TASK INSTRUCTIONS:
Would you please write out every record exactly?
>>>
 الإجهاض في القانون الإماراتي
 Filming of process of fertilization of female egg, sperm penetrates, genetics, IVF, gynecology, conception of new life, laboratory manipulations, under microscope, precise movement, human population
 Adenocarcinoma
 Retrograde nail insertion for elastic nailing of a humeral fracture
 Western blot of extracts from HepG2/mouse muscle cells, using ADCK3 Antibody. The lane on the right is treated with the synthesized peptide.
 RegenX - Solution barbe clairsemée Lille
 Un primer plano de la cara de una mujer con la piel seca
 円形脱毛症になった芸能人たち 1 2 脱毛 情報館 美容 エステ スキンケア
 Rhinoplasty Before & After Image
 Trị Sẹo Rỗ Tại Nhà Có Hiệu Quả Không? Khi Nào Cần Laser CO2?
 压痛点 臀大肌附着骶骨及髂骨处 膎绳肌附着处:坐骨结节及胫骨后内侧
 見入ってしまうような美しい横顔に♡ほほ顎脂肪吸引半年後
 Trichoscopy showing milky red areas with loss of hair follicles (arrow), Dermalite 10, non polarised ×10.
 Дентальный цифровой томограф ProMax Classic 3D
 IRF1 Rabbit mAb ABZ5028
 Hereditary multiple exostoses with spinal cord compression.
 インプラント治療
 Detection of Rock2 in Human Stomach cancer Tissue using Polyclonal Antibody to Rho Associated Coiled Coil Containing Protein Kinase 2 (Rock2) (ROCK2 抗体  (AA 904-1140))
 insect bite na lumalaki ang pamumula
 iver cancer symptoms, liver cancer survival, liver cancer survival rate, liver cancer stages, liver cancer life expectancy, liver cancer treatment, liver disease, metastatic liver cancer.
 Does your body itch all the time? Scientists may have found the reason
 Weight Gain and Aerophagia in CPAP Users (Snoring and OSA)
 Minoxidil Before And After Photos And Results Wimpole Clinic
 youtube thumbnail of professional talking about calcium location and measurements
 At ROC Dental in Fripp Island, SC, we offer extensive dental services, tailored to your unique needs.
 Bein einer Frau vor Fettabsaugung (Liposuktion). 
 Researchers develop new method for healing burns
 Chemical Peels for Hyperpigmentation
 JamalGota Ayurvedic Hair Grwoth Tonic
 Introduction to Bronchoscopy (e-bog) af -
<<<
REPLY TO THE EXERCISE:
 الإجهاض في القانون الإماراتي
 Filming of process of fertilization of female egg, sperm penetrates, genetics, IVF, gynecology, conception of new life, laboratory manipulations, under microscope, precise movement, human population
 Adenocarcinoma
 Retrograde nail insertion for elastic nailing of a humeral fracture
 Western blot of extracts from HepG2/mouse muscle cells, using ADCK3 Antibody. The lane on the right is treated with the synthesized peptide.
 RegenX - Solution barbe clairsemée Lille
 Un primer plano de la cara de una mujer con la piel seca
 円形脱毛症になった芸能人たち 1 2 脱毛 情報館 美容 エステ スキンケア
 Rhinoplasty Before & After Image
 Trị Sẹo Rỗ Tại Nhà Có Hiệu Quả Không? Khi Nào Cần Laser CO2?
 压痛点 臀大肌附着骶骨及髂骨处 膎绳肌附着处:坐骨结节及胫骨后内侧
 見入ってしまうような美しい横顔に♡ほほ顎脂肪吸引半年後
 Trichoscopy showing milky red areas with loss of hair follicles (arrow), Dermalite 10, non polarised ×10.
 Дентальный цифровой томограф ProMax Classic 3D
 IRF1 Rabbit mAb ABZ5028
 Hereditary multiple exostoses with spinal cord compression.
 インプラント治療
 Detection of Rock2 in Human Stomach cancer Tissue using Polyclonal Antibody to Rho Associated Coiled Coil Containing Protein Kinase 2 (Rock2) (ROCK2 抗体  (AA 904-1140))
 insect bite na lumalaki ang pamumula
 iver cancer symptoms, liver cancer survival, liver cancer survival rate, liver cancer stages, liver cancer life expectancy, liver cancer treatment, liver disease, metastatic liver cancer.
 Does your body itch all the time? Scientists may have found the reason
 Weight Gain and Aerophagia in CPAP Users (Snoring and OSA)
 Minoxidil Before And After Photos And Results Wimpole Clinic
 youtube thumbnail of professional talking about calcium location and measurements
 At ROC Dental in Fripp Island, SC, we offer extensive dental services, tailored to your unique needs.
 Bein einer Frau vor Fettabsaugung (Liposuktion). 
 Researchers develop new method for healing burns
 Chemical Peels for Hyperpigmentation
 JamalGota Ayurvedic Hair Grwoth Tonic
 Introduction to Bronchoscopy (e-bog) af -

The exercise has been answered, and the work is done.